DATA SHOWN
· · ·

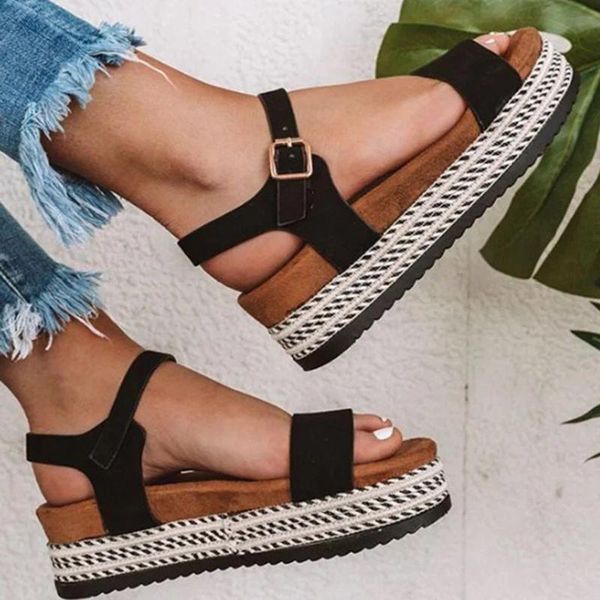sandals 2021 women real leather shoes summer buckle strap hollow out beach cool ladies footwear size 37-42, Black
sandals 2021 women real leather shoes summer buckle strap hollow out beach cool ladies footwear size 37-42, Black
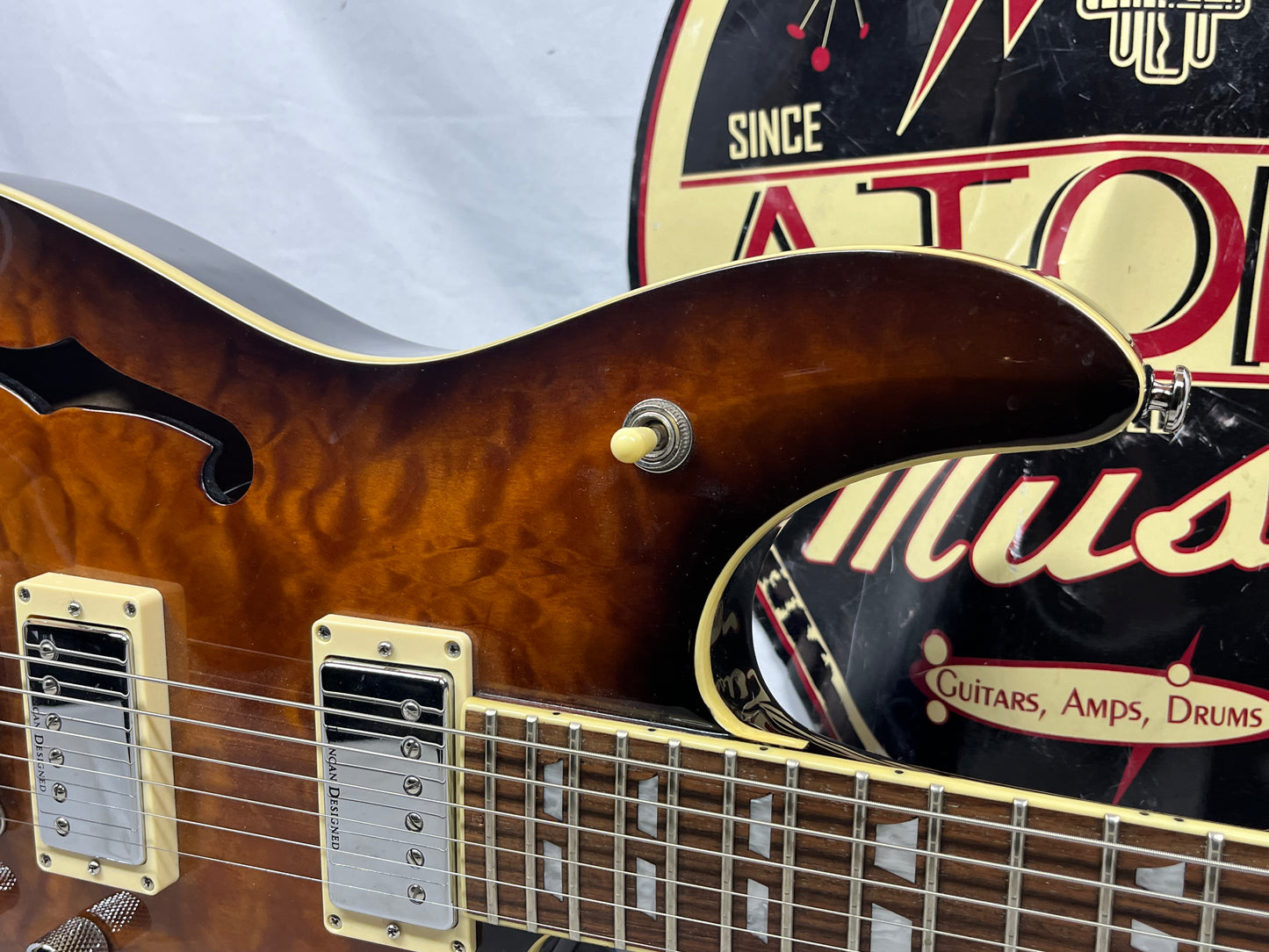 Schecter Diamond Series C-1 E/A HH Semi-Hollow Body Electric Guitar with Hard Case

· · ·

EXERCISE BRIEF
Leave out the pictures and output the rest of the material exactly as written.

TASK RESPONSE
sandals 2021 women real leather shoes summer buckle strap hollow out beach cool ladies footwear size 37-42, Black
sandals 2021 women real leather shoes summer buckle strap hollow out beach cool ladies footwear size 37-42, Black
 Schecter Diamond Series C-1 E/A HH Semi-Hollow Body Electric Guitar with Hard Case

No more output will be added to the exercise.